Advocates protest lack of diversity in State House leadership

In the face of a potential change in the Assembly's speakership, some groups call for more diverse leadership.

Today’s press conference was about throwing another match into the fire over political jockeying for Trenton leadership. Namely the next Assembly speaker — the third most powerful elected position in state government. Grassroots leaders and activists aren’t happy with a potential shake-up that could oust Speaker Vincent Prieto.

“This wrangling is already taking place before even a vote has been cast. We have leadership in the Senate and the Assembly wrangling over who’s going to “take charge” instead of focusing on the real problems that are impacting our state,” said Analilia Mejia, director of the New Jersey Working Families Alliance.

More specifically, Mejia is calling this a diversity issue. Just last week Middlesex-based Assemblyman Craig Coughlin announced he’s seeking the speakership and made public a long list of legislative endorsements. It’s a shift that would disrupt a traditional north/south balance in the chamber. As advocates argued today, it would remove the only person of color in leadership.

“I am completely concerned at the idea of having Senate and Assembly leadership that’s wholly comprised of white men, if not the majority being white men. Think about the diversity in our state, think about the lack of representation people of color will experience in the Legislature,” Mejia said.

“Without leadership representation of our populations, we are destined to create a larger underclass in New Jersey. This absolutely serves no one’s interest,” NJ NAACP‘s Bruce Davis said.

The groups say they’re worried progress on key issues for vulnerable communities will be lost citing lagging foreclosure recovery rates in minority groups, underfunded charity care and pension payments.

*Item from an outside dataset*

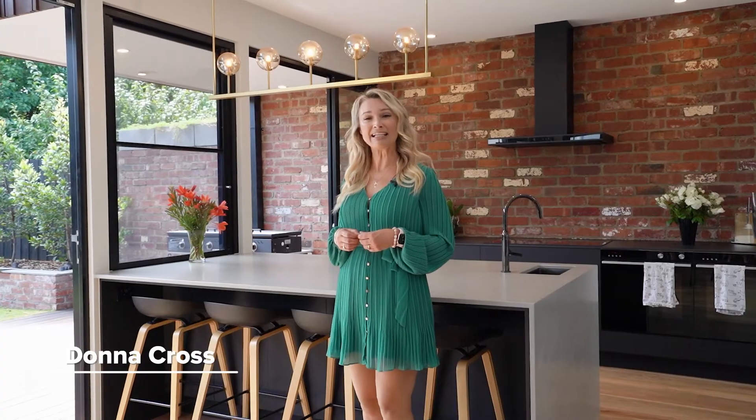We're here filming at this stunning, architecturally designed masterpiece at 81 Ballyang Street, South Geelong, going to auction with Wayne Baker.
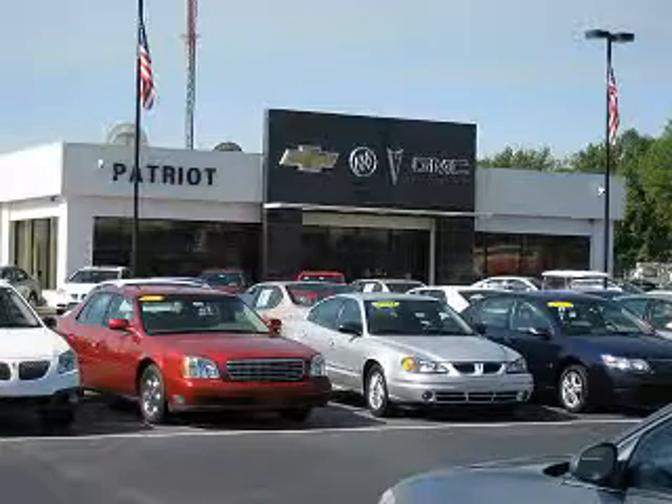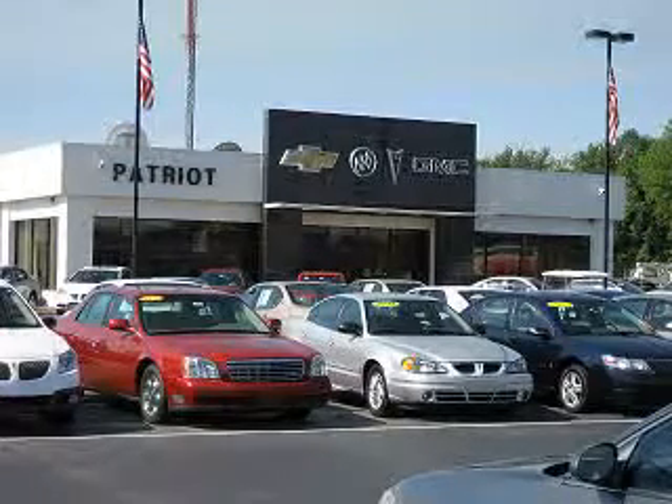Submit an inquiry and we can have any used vehicle brought to the dealership nearest you for your convenience. Thanks for viewing.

“We are extremely concerned about what is happening with school funding and we’re extremely concerned about the whole issue of health care and what is happening with the ACA at the federal level and what is happening in New Jersey,” said Latino Institute Executive Director Bill Colon.

“One of the things that makes this diversity, that frustrates this diversity, is the fact that the large number of people who are disproportionately imprisoned in New Jersey prisons, 67 percent of the people in New Jersey state prisons are African-American or Latin-American and they can’t vote,” said Jean Ross from the People’s Organization for Progress.

But these activists are also largely known for gaining a platform under the helm of Prieto and they’ve expressed that gratitude through endorsements. For their part, the groups contend that’s the goal of having representation.

The advocates point out in recent years the speakership was held by a person of color: Albio Sires, Sheila Oliver, Vincent Prieto, and that in this speaker they were able to work on common goals.

“Democrats, instead of putting resources into mobilizing voters are focusing on their own power struggles,” said Patricia Campos-Medina, president of LUPE PAC.

We reached out to Assembly leadership but they didn’t return our request. A spokesperson for Senate President Steve Sweeney declined to comment.